Development vision emerges for Luther Seminary parcel

By Scott Carlson


The graphic shows a site plan. Graphic submitted by UrbanWorks.

Upwards of 600 to 800 housing units could be built on a 15.5-acre parcel on the western end of the Luther Seminary campus that the educational institution has for sale.

That’s the broad vision that Wayzata-based Inland Development Partners unveiled for the site at a neighborhood open house on Aug. 10 at the Seminary’s Olson Campus Center. With that being the first in a series of open house meetings to solicit public input, the preliminary plan is likely to be controversial.

Although specific, detailed plans are months away, Inland officials envision their firm serving as the master developer coordinating the installation of utilities and other infrastructure to serve a mix of  senior co-op housing and market rate and affordable apartments for families, seniors and other adults.

Preliminary plans also include preserving much of the 6.4-acre parcel known as the Breck Woods, a natural area that scores of resi­dents have insisted previously should be protected.

Steve Schwanke, a partner at Inland, said in a separate interview that the seminary site is a desirable location for a mix of new housing in the St. Anthony Park neighborhood at a time when there is a dearth of prime redevelopment sites.

“The Luther Seminary site is in a great neighborhood” with attractive amenities including its retail downtown area off of Como Avenue, said Schwanke, whose company specializes in redeveloping properties. “It would allow us to bring to the neighborhood an additional diversity of housing.”

Under the preliminary plan, the overall residential project might include: up to 400 units of market rate multifamily apartments spread over two buildings; up to 100 units of affordable housing.

Currently, Luther Seminary is in a 90-day exploratory period with IDP.

“Based on IDP’s findings, the Luther Seminary Board will decide in October whether to pursue a full contract with IDP to do the infrastructure required to sell the property,” the Seminary said in a statement.

Meanwhile, the Seminary has sought steadfastly for the past three years to sell the 15.5-acre section of its campus.

Seminary President Robin Steinke stated, “We strongly feel the lower campus is a historic opportunity in the heart of the metropolitan area for additional mixed-use housing, including affordable housing, and are working with IDP as we pursue the sale of the lower campus.”

Although the latest Luther Seminary property development proposal is at least several months from getting firmed up, and is slated to undergo extensive community review, the specter of a large-scale project has garnered at least some residents’ disapproval.
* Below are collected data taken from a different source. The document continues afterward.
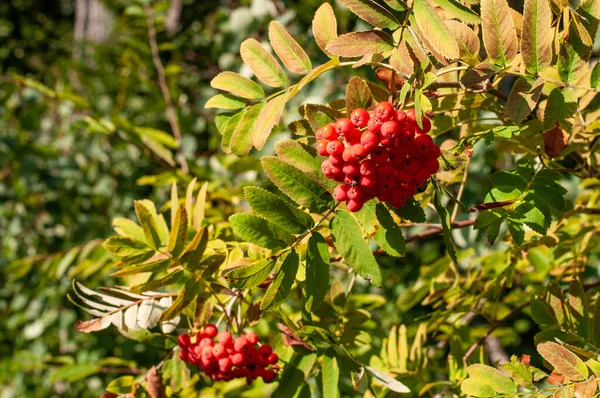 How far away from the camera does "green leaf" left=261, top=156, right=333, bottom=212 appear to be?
39.2 inches

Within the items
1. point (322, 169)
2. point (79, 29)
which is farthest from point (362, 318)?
point (79, 29)

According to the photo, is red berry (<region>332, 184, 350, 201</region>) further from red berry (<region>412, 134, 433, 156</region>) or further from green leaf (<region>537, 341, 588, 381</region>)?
green leaf (<region>537, 341, 588, 381</region>)

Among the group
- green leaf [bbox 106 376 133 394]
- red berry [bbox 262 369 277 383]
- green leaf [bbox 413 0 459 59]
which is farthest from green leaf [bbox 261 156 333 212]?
green leaf [bbox 106 376 133 394]

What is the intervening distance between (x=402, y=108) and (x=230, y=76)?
359 millimetres

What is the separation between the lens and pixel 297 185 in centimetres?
102

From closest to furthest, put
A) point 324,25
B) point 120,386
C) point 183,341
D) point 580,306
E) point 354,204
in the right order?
point 354,204, point 324,25, point 580,306, point 183,341, point 120,386

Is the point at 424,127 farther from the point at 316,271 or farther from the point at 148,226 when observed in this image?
the point at 148,226

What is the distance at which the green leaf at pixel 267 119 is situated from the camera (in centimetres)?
100

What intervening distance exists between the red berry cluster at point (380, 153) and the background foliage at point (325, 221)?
0.25 feet

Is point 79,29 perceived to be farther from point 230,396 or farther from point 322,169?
point 322,169

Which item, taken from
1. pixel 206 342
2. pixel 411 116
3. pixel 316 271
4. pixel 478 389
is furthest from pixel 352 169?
pixel 206 342

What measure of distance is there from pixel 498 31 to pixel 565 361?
21.1 inches

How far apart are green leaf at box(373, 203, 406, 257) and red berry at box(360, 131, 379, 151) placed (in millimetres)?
196

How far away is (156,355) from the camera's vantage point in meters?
2.60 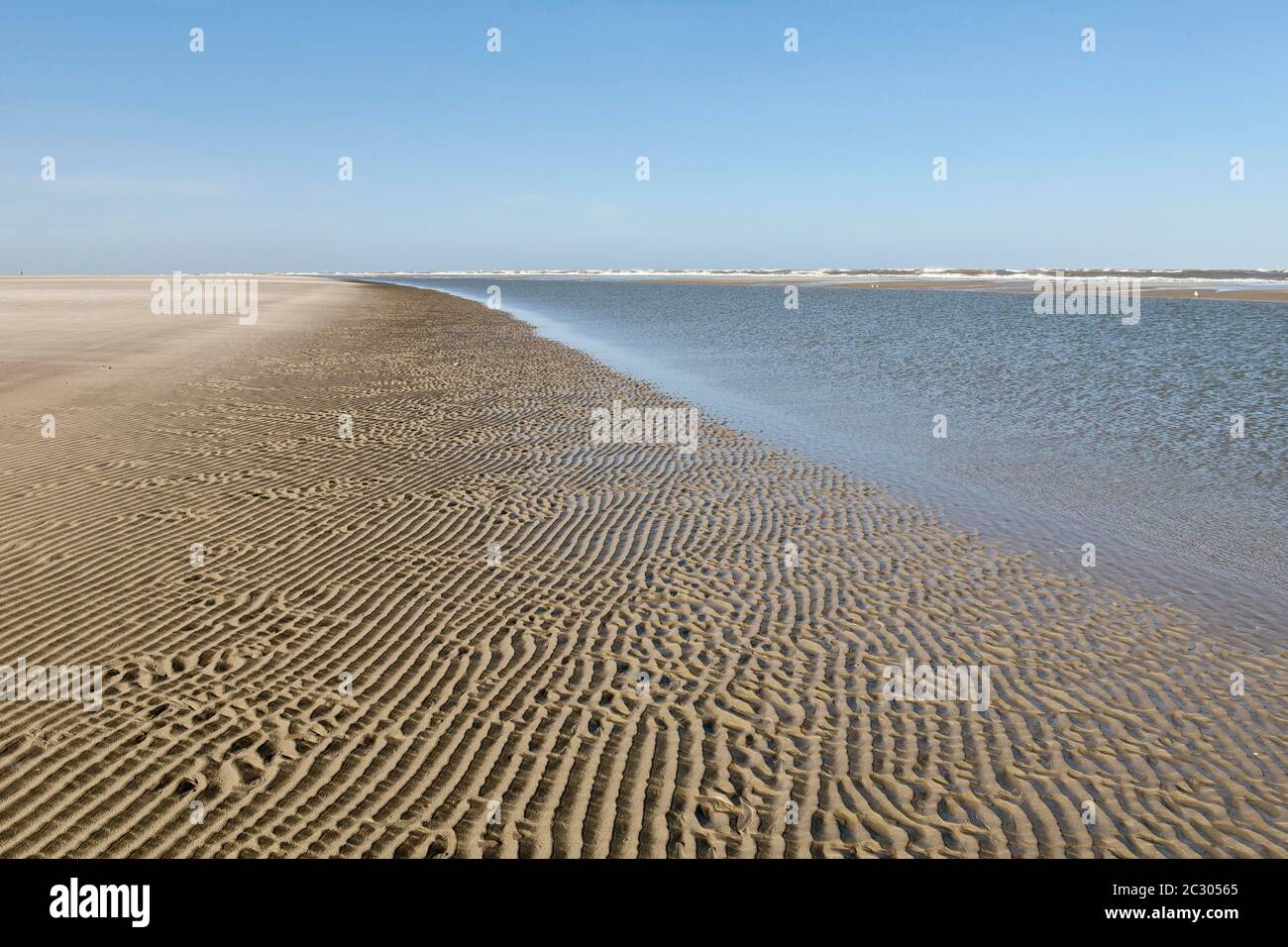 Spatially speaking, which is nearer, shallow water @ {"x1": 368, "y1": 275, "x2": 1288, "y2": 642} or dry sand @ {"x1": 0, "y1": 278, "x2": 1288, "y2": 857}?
dry sand @ {"x1": 0, "y1": 278, "x2": 1288, "y2": 857}

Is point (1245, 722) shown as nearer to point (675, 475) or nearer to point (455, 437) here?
point (675, 475)

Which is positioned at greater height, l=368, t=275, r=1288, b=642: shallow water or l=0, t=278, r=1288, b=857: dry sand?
l=368, t=275, r=1288, b=642: shallow water

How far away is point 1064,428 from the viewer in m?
18.4

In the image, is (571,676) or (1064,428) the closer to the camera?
(571,676)

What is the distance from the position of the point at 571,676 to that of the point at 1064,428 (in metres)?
15.7

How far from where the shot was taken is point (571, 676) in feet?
22.4

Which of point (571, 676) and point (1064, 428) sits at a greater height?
point (1064, 428)

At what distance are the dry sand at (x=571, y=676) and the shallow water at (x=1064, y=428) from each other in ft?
5.00

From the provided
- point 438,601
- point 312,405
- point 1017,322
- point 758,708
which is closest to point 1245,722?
point 758,708

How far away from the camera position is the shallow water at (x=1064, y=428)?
34.1 ft

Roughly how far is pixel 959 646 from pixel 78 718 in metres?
7.39

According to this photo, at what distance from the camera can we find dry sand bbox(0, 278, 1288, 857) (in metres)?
4.98

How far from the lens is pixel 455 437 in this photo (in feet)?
52.9

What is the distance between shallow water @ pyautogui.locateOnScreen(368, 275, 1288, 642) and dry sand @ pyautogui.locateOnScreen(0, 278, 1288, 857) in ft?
5.00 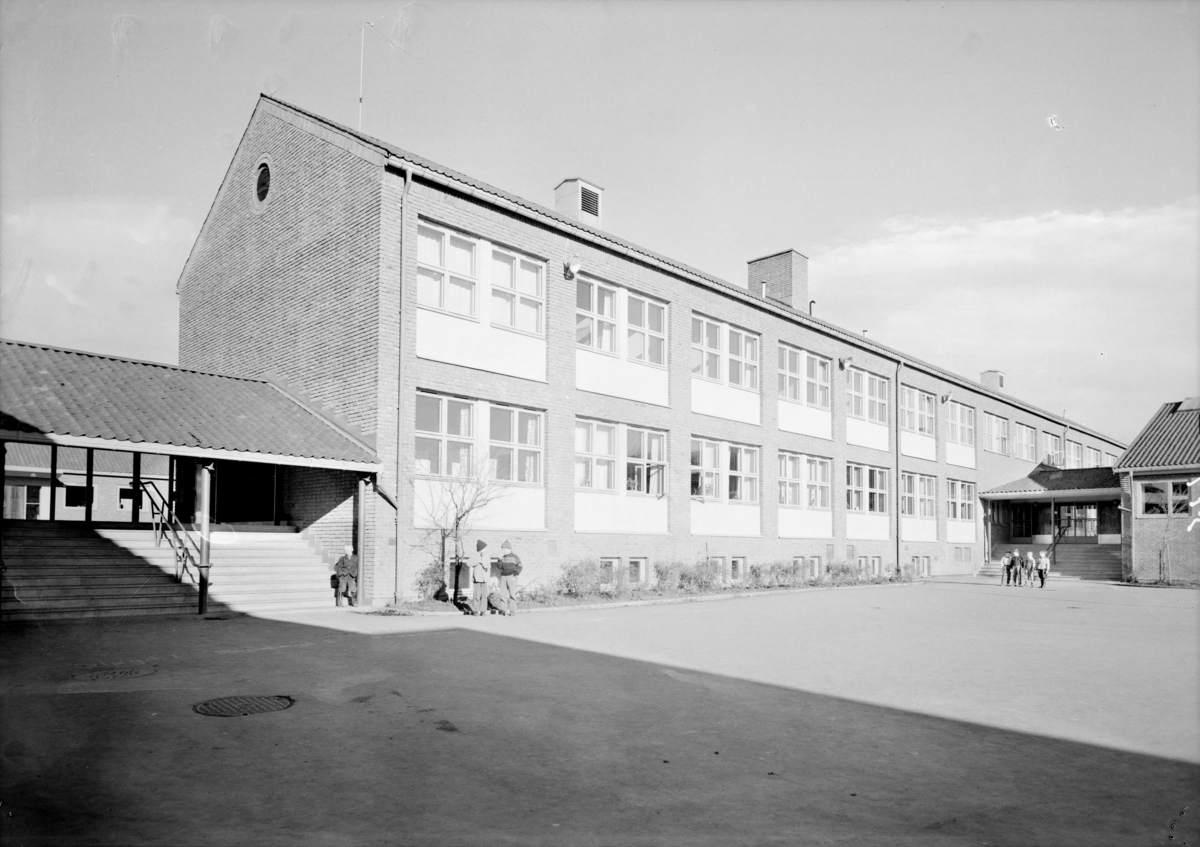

“The cumulative projects of 600-800 units is disrespectful to this neighborhood,” Cynthia ­Ahlgren, a St. Anthony Park resident and member of the group Friends of Breck Wood, said in an email to the Bugle.

“I do not want to see us treated by developers the way that Dinkytown and Uptown and even eastern Prospect Park are being treated. Their authentic character is being swallowed up.

“St. Anthony Park is a warm and socially responsible community,” Ahlgren continued. “We have welcomed residential treatment centers, group homes, smaller scale multifamily residential construction and emergency housing for the homeless.

“But when the consensus is that we would like to see greater density, or senior housing, or affordable housing built on the seminary campus, how many intend that to mean 600-800 units? Or even 450 units?”

Whatever happens, the Semi­nary’s partnership with Inland Development comes after its prior contract with Master Properties expired this past winter amidst that developer’s having suffered numerous delays with its proposed project during the COVID-19 pandemic.

Master Properties project, which it unveiled two years ago, called for building up to 450 to 500 units of new housing—from market rate family units to co-op housing for seniors—while preserving the campus’s 6.4-acre Breck Woods natural open space.

After Master Properties’ pur­chase agreement with the Seminary lapsed, the religious institution was free to entertain talks with other developers about the campus redevelopment.

The Seminary said that teaming with Inland Development gives it a firm “with decades of real estate development experience that will be able to focus on the steps needed to obtain community and government support, create individual building sites . . . and support Luther Seminary’s efforts to sell those parcels to the entities that will build on them.”

“Our existing relationships in this category along with our experience working on large, complex projects with multiple entities will serve Luther Seminary well,” IDP partner Kent Carlson notably said in an earlier statement.

Luther Seminary has slowly been selling underused portions of its property for several years as its campus needs have diminished due to changing program needs. Not all students live on campus anymore nor are all of them maintaining full-time class schedules.

In 2014, the seminary sold five apartment buildings on Eustis Street to Greenway Village. Senior housing developer Ecumen bought 1.6 acres at Luther Place and Como Avenue in 2015 and built Zvago, a 49-unit co-op. HealthPartners purchased 4.5 acres of land across from its Como Avenue building in 2016 to build a replacement clinic. 

Scott Carlson is managing editor of the Bugle.